Ridhaa Sachidanandan: We put on lots of events that are basically based towards diversity and inclusiveness on campus. It’s basically making sure that every single student on this campus feels included and feels like they’re a part of a community because the Gunn community is not a single race or a single gender identity—it’s a beautiful blend of everything.
TO: What projects have you been working on lately?
Marek Harris: We’re going to do something for Black History Month—that’s why we didn’t focus anything to
o big on Martin Luther King Day. Basically, we want to talk to students in Focus on Success, get an idea of what we can do to better assist the students and to get an idea of how everyone is doing at Gunn. We’re also planning Inclusivity Week, which is going to be a lot of fun this year.
TO: What’s the hardest part of being Diversity Commissioner?
RS: The hardest part would be getting students involved. A lot of us are kind of in our own world and we’re usually “too cool” for things. Student involvement has definitely been a difficulty but we are hoping to overcome stuff like that. Sometimes we’ve had publicity and timing issues, where students aren’t able to come and participate because there’s other clashes, so we really hope that second semester we get to iron those things out.
TO: What have you accomplished at Gunn in terms of diversity?
MH: We’re pretty diverse on campus. We have all the different elements that could lead to something great, and we just have to make sure to use them properly and do the best with the things we have now. I think that we have a lot of events and we acknowledge a lot of things that are socially
important. We are taking important things into consideration. For instance, we made Homecoming Court gender-neutral.
TO: In your opinion, what does Gunn still need to achieve?
RS: One thing we can work on is definitely making sure that every single group on campus feels represented and every single student on campus should feel like they
have a voice.
MH: I think there are a lot of thingswe still need to achieve. Everyone has their own special needs and accommodations and we need to make sure teachers understand that. Everyone needs to be included on campus—I think that would be a big step forward.
TO: Why did you decide to become Diversity Commissioner?
RS: I’ve been on Reach Out. Care.
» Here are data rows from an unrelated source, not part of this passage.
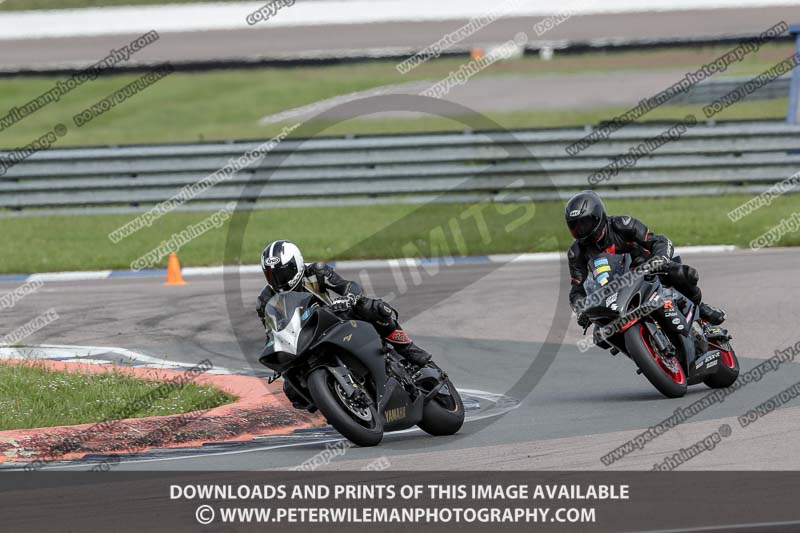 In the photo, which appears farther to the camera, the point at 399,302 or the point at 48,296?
the point at 48,296

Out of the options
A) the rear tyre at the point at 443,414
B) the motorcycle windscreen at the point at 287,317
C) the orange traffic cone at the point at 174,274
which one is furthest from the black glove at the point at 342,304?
the orange traffic cone at the point at 174,274

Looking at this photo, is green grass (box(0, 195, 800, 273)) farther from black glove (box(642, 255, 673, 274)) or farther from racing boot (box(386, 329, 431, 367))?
racing boot (box(386, 329, 431, 367))

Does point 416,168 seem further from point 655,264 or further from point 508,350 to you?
point 655,264

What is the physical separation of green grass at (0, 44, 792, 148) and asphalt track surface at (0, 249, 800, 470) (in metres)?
12.1

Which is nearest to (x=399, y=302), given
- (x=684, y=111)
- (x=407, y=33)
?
(x=684, y=111)

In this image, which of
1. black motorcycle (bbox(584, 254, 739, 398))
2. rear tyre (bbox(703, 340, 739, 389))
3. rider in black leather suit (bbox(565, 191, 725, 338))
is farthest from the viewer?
rear tyre (bbox(703, 340, 739, 389))

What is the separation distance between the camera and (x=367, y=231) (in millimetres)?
20469

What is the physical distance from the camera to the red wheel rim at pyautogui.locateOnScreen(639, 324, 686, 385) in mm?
9656

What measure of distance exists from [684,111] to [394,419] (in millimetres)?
21044

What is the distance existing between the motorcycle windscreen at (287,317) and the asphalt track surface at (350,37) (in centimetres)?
2233

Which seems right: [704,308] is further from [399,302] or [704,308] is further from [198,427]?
[399,302]

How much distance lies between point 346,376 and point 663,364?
9.03 ft

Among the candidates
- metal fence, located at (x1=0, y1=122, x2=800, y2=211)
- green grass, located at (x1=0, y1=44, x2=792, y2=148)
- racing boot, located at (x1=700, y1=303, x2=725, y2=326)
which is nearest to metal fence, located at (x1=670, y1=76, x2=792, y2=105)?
green grass, located at (x1=0, y1=44, x2=792, y2=148)

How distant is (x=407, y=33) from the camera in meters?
31.7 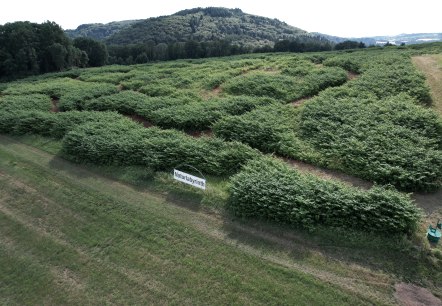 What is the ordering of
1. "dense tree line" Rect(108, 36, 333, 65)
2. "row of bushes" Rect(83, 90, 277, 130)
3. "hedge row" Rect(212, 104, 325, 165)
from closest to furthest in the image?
"hedge row" Rect(212, 104, 325, 165), "row of bushes" Rect(83, 90, 277, 130), "dense tree line" Rect(108, 36, 333, 65)

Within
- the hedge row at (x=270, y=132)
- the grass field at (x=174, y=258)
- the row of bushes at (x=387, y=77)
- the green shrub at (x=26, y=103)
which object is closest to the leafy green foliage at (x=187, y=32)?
the row of bushes at (x=387, y=77)

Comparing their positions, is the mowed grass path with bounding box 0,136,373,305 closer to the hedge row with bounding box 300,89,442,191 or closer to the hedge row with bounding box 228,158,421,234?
the hedge row with bounding box 228,158,421,234

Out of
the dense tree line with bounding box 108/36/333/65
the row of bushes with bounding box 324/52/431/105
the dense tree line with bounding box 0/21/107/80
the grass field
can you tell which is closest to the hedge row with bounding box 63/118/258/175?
the grass field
Know. (ROCK) since sophomore year and there’s a lot of stuff that ROCK does in tandem with the Diversity Commissioners, so that was a huge part of it: knowing that I could be a liaison between ROCK and Student Executive Council (SEC). Also, I’ve been doing Indian dance since I was three years old and every time I did one of the shows, I felt like I was really part of the community. I knew that since we have a lot of communities here, it would be a lot of fun to do something like that at Gunn.
MH: I knew there were a lot of changes going on at Gunn and I wanted to have my voice heard. I know that Gunn doesn’t necessarily do the best of jobs with students of color and just minorities in general. I wanted to make sure that I can be that conduit between students and administration.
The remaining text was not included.